Source: canadianliving.com

8 steps to perfect smoky eye makeup

Get expert advice on applying shadow and liner for a sexy look.

The one look my friends always ask me to teach them is the smoky eye. They kind of sneak up to me and shyly ask, as if they are asking me to divulge a secret sex technique. It's amusing that the smoky eye has such a forbidden-fruit quality for some women. It's not only a great nighttime "come-hither" look -- with the right colours it's also a sophisticated daytime option.

*Step 1: Determine the shade of the shadow you should use.* More natural shades (like browns, taupes and greys) will look softer; non-skin tone shades (like greens, blues and plums) will look more apparent on the face. The choice is yours, but if you are a beginner, you might want to stick to medium-browns and taupes as you are learning.

Consider your skin tone -- if your skin is light, choose a lighter version of a shadow colour (like a lighter plum); the deeper your skin, the darker you need to go (like an aubergine). A swatch test on the back of your hand will help you decide the best shade for you.

*Step 2: Choose texture: matte or shimmer.* A light shimmer shadow is much easier to work with, as it will blend more subtly into the skin. Mattes look great, but require a little more skill.

*Step 3: Use the flat end of a small, double-ended shadow brush to apply a base shadow all over the lid area.* Your base shadow should be a neutral, matte shadow that will act as a primer or foundation before you apply the coloured shadow. It will help the colour shadow grab on and stay put, and it will also neutralize your eyelid's natural skin tone so the colour of the shadow on your lid will more closely match its colour in the pan.

*Step 4: Pick up a little of the coloured shadow with the flat end of your double-sided eye shadow brush.* Blend the shadow from the upper lash line up into the crease to open and lift the eye.

*Step 5: Use the pointy end of the brush to apply the coloured shadow to the lower lash line.* Begin your application in the centre of the lower lash line, just below the iris. Move the brush slowly from side to side to give you more control in placement, so you can catch any overshading.

Smoky liner under the eye will make your eyes look bigger, but it can also exaggerate flaws like close-set eyes or droopy corners. For close-set eyes, don't go too far into the inner corners. For droopy eyes, keep the line extra thin in the outer corners, widening in the centre and toward the inner corners.
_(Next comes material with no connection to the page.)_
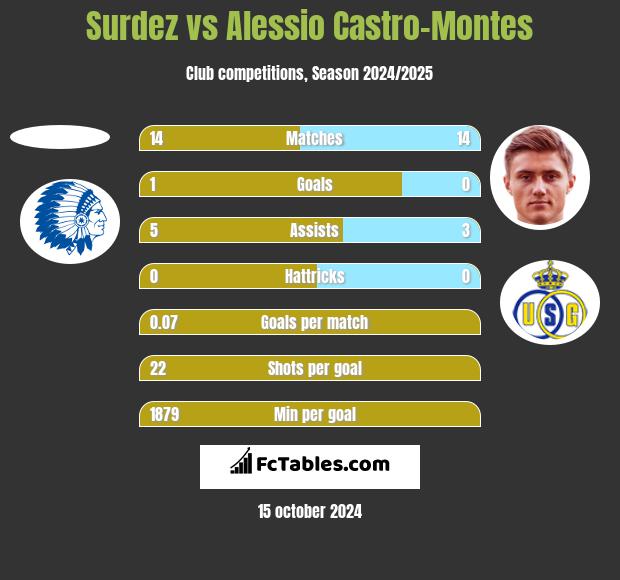 Surdez vs Alessio Castro-Montes h2h player stats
*Step 6: Experiment with the thickness of the line below the eye.* If you get a hang-dog look, take a Q-tip and lift up the line. Remember, the key is not to have a hard, solid line; the more smudged and broken the better. You can even take your finger and blend-smudge the line if it looks too solid. Once you have learned what placement works best for you, it's a breeze. You can play with different colours, moving from soft taupes to subtle khakis.
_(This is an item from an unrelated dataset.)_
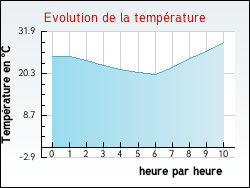 Evolution de la temprature de la ville de Auzville-en-Argonne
*Step 7: If you prefer a little extra definition, use the pointy end of your double-sided brush to add a shadow on the top lash line.* Choose a colour that is a step darker than your lid colour but still within the same colour family.
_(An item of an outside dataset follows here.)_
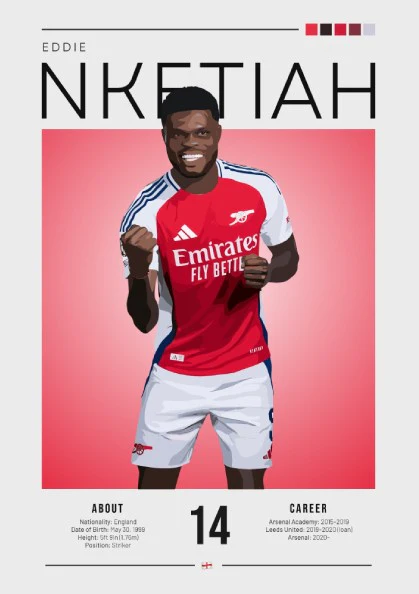Eddie Nketiah Poster - Football Wall Art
*Step 8: Always finish this look with a generous helping of mascara on the top and bottom lashes.*


----------



## reesesilverstar (Oct 19, 2007)

Nice post


----------



## michal_cohen (Oct 20, 2007)

great info

thx


----------



## MamaRocks (Oct 20, 2007)

thanks


----------



## Leza1121 (Oct 20, 2007)

Hi,

Thanks for posting.


----------



## chimei_17 (Oct 28, 2007)

wow. nice post. i'm trying to perfect the "lighter" version of smokey eyes


----------



## Adrienne (Nov 8, 2007)

thanks for posting this


----------



## eternalvoyageur (Nov 9, 2007)

That's quite a nice tutorial. I's hard for me to get smokey eyes without looking like a racoon !


----------



## wqwheeler (Nov 10, 2007)

good post thanks


----------



## MamaRocks (Nov 10, 2007)

thanks, great tips!


----------



## carr3ra (Nov 24, 2007)

great sharing


----------



## TheStranger1 (Nov 24, 2007)

Thank you


----------



## andrrea (Dec 15, 2007)

Thanks!


----------



## joybelle (Dec 16, 2007)

Thanks for posting this!


----------



## hellsbells (Feb 19, 2008)

thanks for posting


----------



## ColdDayInHell (Feb 19, 2008)

Thanks for this post! I love doing smoky eyes in purple, plum and pink!


----------



## chocobon (Feb 19, 2008)

Thnx!


----------



## RARA123 (Feb 21, 2008)

useful tips, thank u


----------



## cablegiirl (Feb 21, 2008)

Originally Posted by *ColdDayInHell* /img/forum/go_quote.gif Thanks for this post! I love doing smoky eyes in purple, plum and pink! OH! me too!



sooo pretty...


----------